Ho Chi Minh City (AsiaNews / Agencies) – A family-run coffee factory based in Dak Wek, in the southern province of Dak Nong, was discovered to produce “dirty” coffee from harmful materials such as used batteries, earth and rock dust.
Local police officials and food inspectors broke into the property, owned by Nguyen Thi Loan, three days ago, following reports from residents who were suspicious of the activities conducted on the premises.
Authorities report having seized 12 tons of “dirty” coffee during operations. The security forces also found some of the materials used in production.
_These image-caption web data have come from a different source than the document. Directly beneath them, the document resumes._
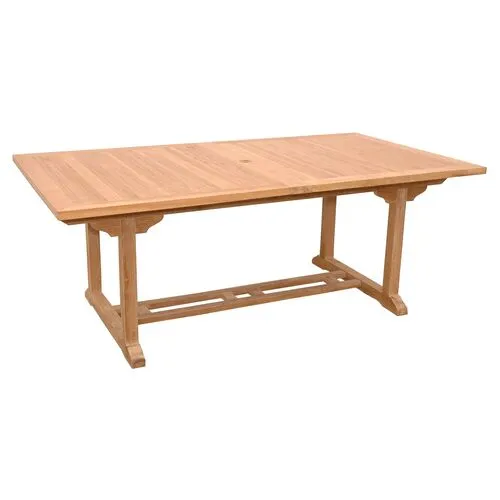 Valencia Outdoor Extension Dining Table - Natural Teak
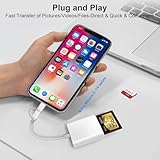 Dual Connectors Dual Slots SD Card Reader for iPhone iPad, Lightning & USB C to MicroSD/SD Card Viewer Camera Memory Card Reader USB C OTG Adapter for Devices with iOS/Android/Other System - Image 4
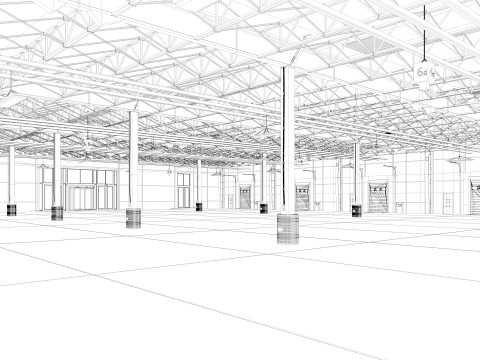 Exhibition Hall Warehouse 9 interior and exterior 3D Model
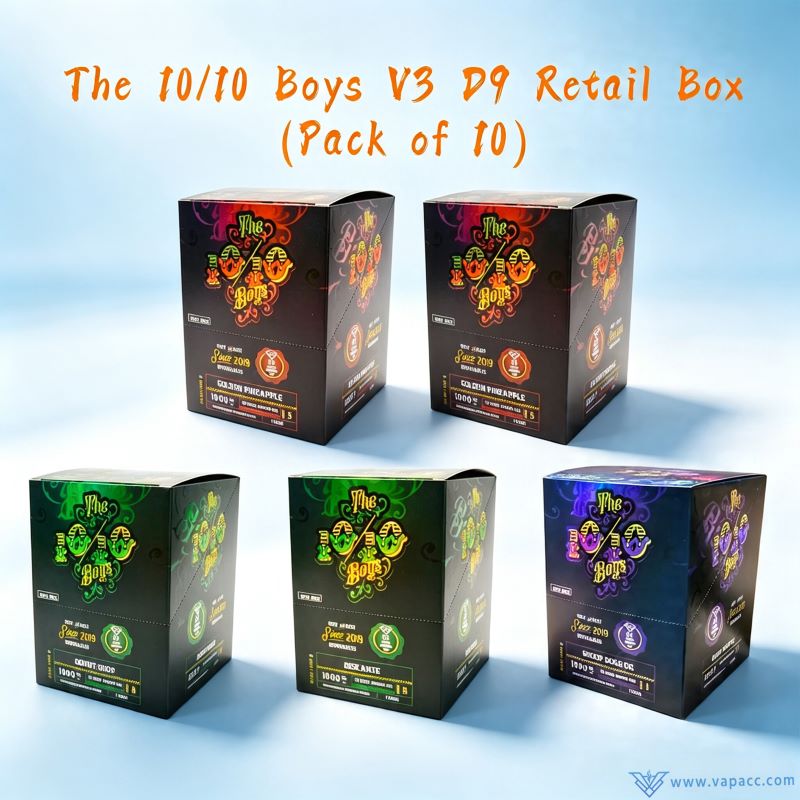 Wholesale display boxes of The 10/10 Boys V3 empty vape pens 10-pack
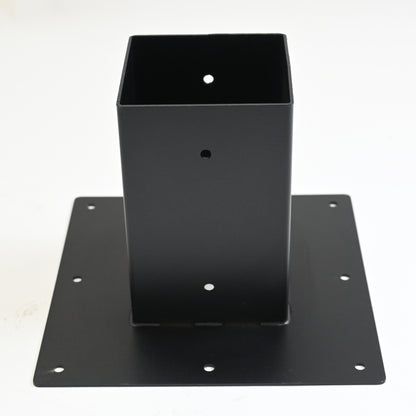 Surface Mount Base Plate 4 x 4 Post Base, Coated Steel, Black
They included were 35 kg of black powder extracted from used batteries and a bucket of black liquid weighing about 10 kg.
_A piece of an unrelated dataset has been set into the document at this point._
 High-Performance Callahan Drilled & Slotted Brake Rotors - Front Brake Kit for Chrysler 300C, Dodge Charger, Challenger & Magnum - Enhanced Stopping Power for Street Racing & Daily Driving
The owner told the police that she used to buy low-priced coffee beans. They were then ground and mixed with other “ingredients” such as earth and rock dust. In the end, the mixture was dyed black.
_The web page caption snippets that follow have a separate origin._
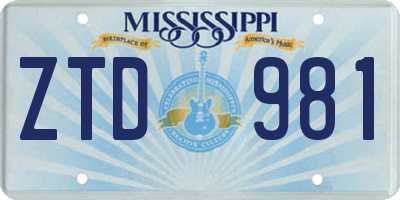 MS license plate ZTD981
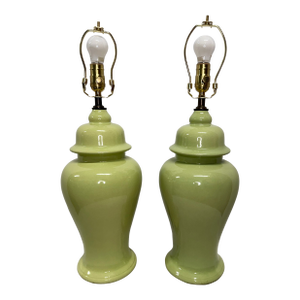 1970s Lemongrass Ginger Jar Table Lamps - a Pair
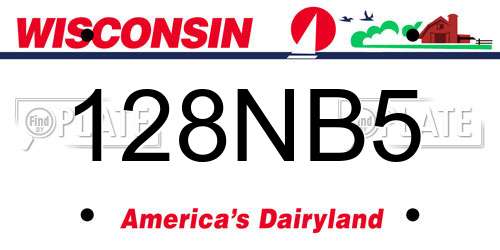 128NB5 Wisconsin License Plate
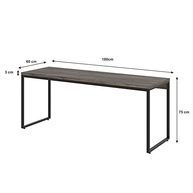 Mesa Dínima Diretor 180x60cm em Carvalho Dark com Estrutura Preta - Moderna e Resistente - imagem 2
Loan has admitted that his factory has been in operation for years and that this year has put more than three tons of his “coffee” on the market. Investigators are now examining some samples of the product in the laboratory.
Brazil, Colombia and Ethiopia are among the largest coffee producers in the world. However, Vietnam is catching up quickly and there are 2.6 million people employed in the country’s production facilities. During the nineties, the growth of the sector was around 20-30% every year.